The Central Electricity Regulatory Commission (CERC) has ordered the national load despatch centre (NLDC) to issue renewable energy certificates (RECs) for a small hydro project of capacity 10 MW and another cogeneration project.

Gokak Power & Energy Limited had petitioned the CERC asserting that it is entitled to revalidation of accreditation and registration of REC for its 10 MW small hydro project with effect from April 2016 to June 2017.

Gokak Power & Energy Limited owns and operates a 10.8 MW small hydro project that received accreditation on May 28, 2013, and was registered as an eligible entity for REC mechanism for 10 MW on August 8, 2013.

After the fourth amendment in the REC Regulations, it remained eligible for REC for only 4.5 MW of its capacity unit. As per the direction of the state load despatch centre (SLDC), the generator applied to it for a separate availability-based tariff (ABT) meter.



The CERC observed that the final approval was accorded by SLDC only in July 2017. The generator has complied with all the directions that were issued to it by various authorities, and the delay that occurred due to the late installation of ABT meter cannot be attributed to it. Therefore, it is eligible for RECs for the period between April 2016 and June 2017.

In its order, the CERC stated that since there are no premise or energy injection reports for the period under consideration, the concerned agencies must issue the RECs on pro-rata (proportionate) basis since the generator has made available the total generation from 10 MW of renewable energy for the period between April 2016 and June 2017.
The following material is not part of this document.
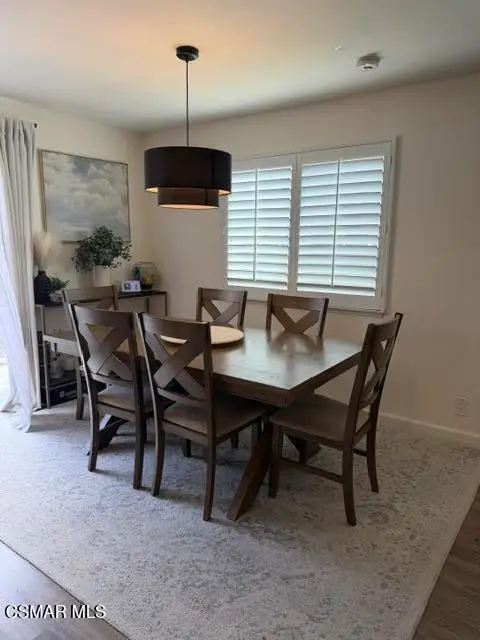 1224 Durkin Street, Camarillo, CA 93010 - #2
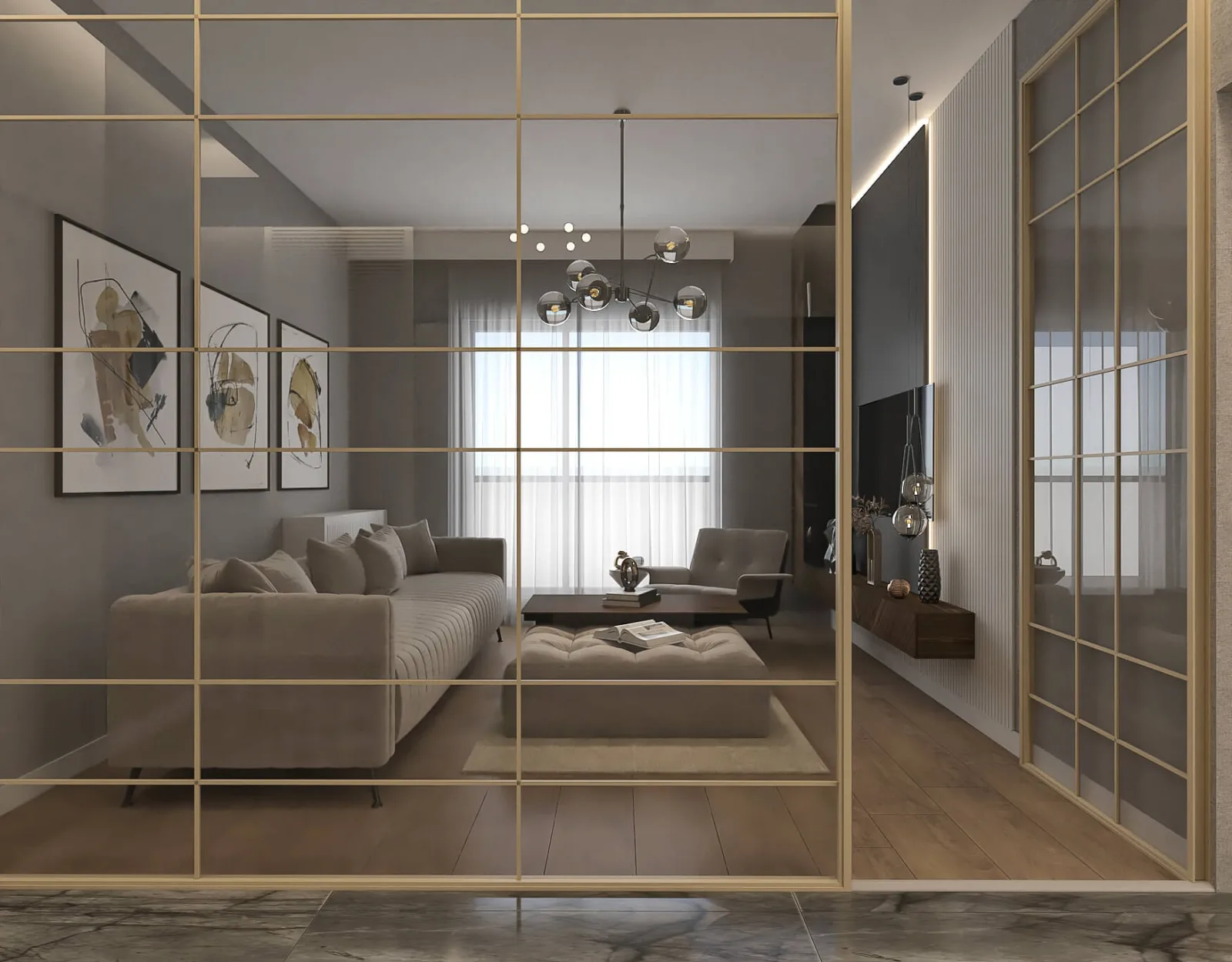 Natamam Villa, Luxury home interior decorations, Natamam Villa, House interior design prices, House interior designer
DCM Shriram Limited had petitioned the CERC requesting it to direct the NLDC to issue 5,127 RECs for the energy generated and supplied from its bagasse-based co-generation plant at Hariawan (Uttar Pradesh) in January 2016.

The CERC observed that the generator had duly sent the application for the issuance of 5,127 RECs for January 2016 for its Hariawan project before the due date and the physical copy was also submitted on May 28, 2016; which was before the expiry of six months.

The CERC further noted that the NLDC has accepted that the RECs were denied on account of procedural and technical issues, which is beyond NLDC’s power and that could be done only by the CERC.

The CERC has condoned the delay in issuing the RECs to DCM Shriram Limited and ordered NLDC to issue RECs for the generation in January 2016 for the Hariawan project subject to the review of the application in line with the energy injection report.

In March 2018, the central commission had issued model guidelines for the accreditation of renewable energy projects or distribution licensees (DISCOM) by state agencies under the REC mechanism. The new procedure is designed to provide the entities with guidance on how to implement the REC mechanism.

The same month, it also created a set of procedures for issuance of RECs to entities. In January 2019, Mercom reported that CERC was seeking consultants to study the regulatory impact of the REC mechanism.